Description of the task: The entries that follow need to be reproduced exactly, minus any images.

────

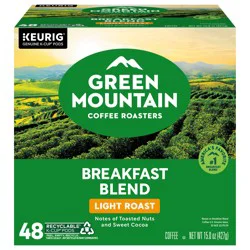 Green Mountain Coffee Roasters Breakfast Blend Single-Serve Keurig K-Cup Pods, Light Roast Coffee, 48 Count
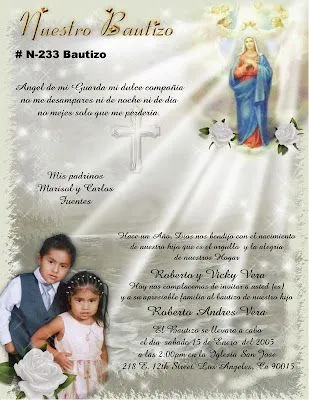 Catalogo de invitaciones para bautizo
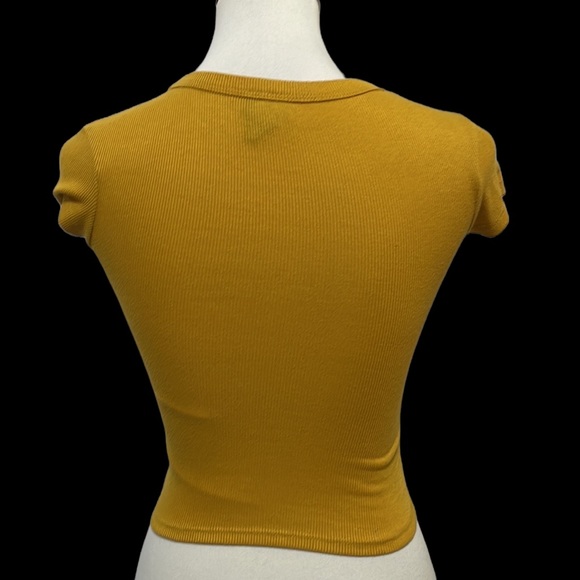 Rue 21 * Gold-Orange Color * Short Sleeve Ribbed Top * XS - Picture 3 of 10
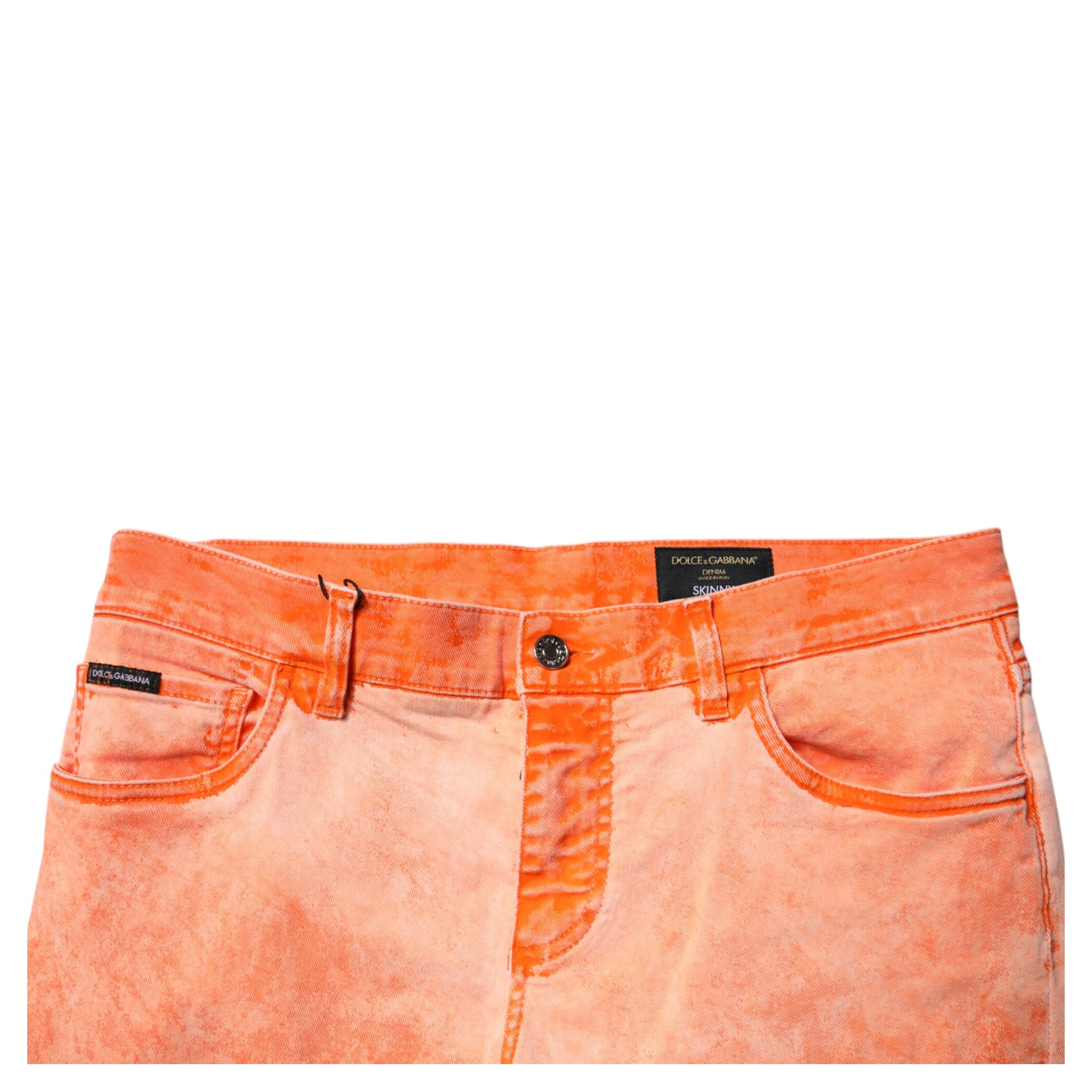 Orange Tie Dye Cotton Skinny Men Denim Jeans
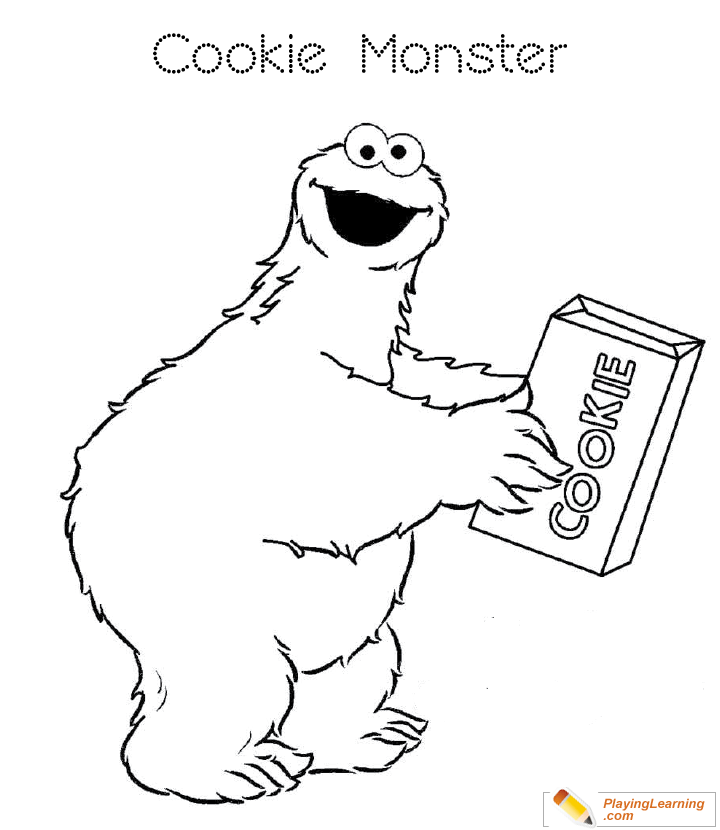 Cookie Monster Coloring Page 04 | Free Cookie Monster Coloring Page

────

Solution below:
 Green Mountain Coffee Roasters Breakfast Blend Single-Serve Keurig K-Cup Pods, Light Roast Coffee, 48 Count
 Catalogo de invitaciones para bautizo
 Rue 21 * Gold-Orange Color * Short Sleeve Ribbed Top * XS - Picture 3 of 10
 Orange Tie Dye Cotton Skinny Men Denim Jeans
 Cookie Monster Coloring Page 04 | Free Cookie Monster Coloring Page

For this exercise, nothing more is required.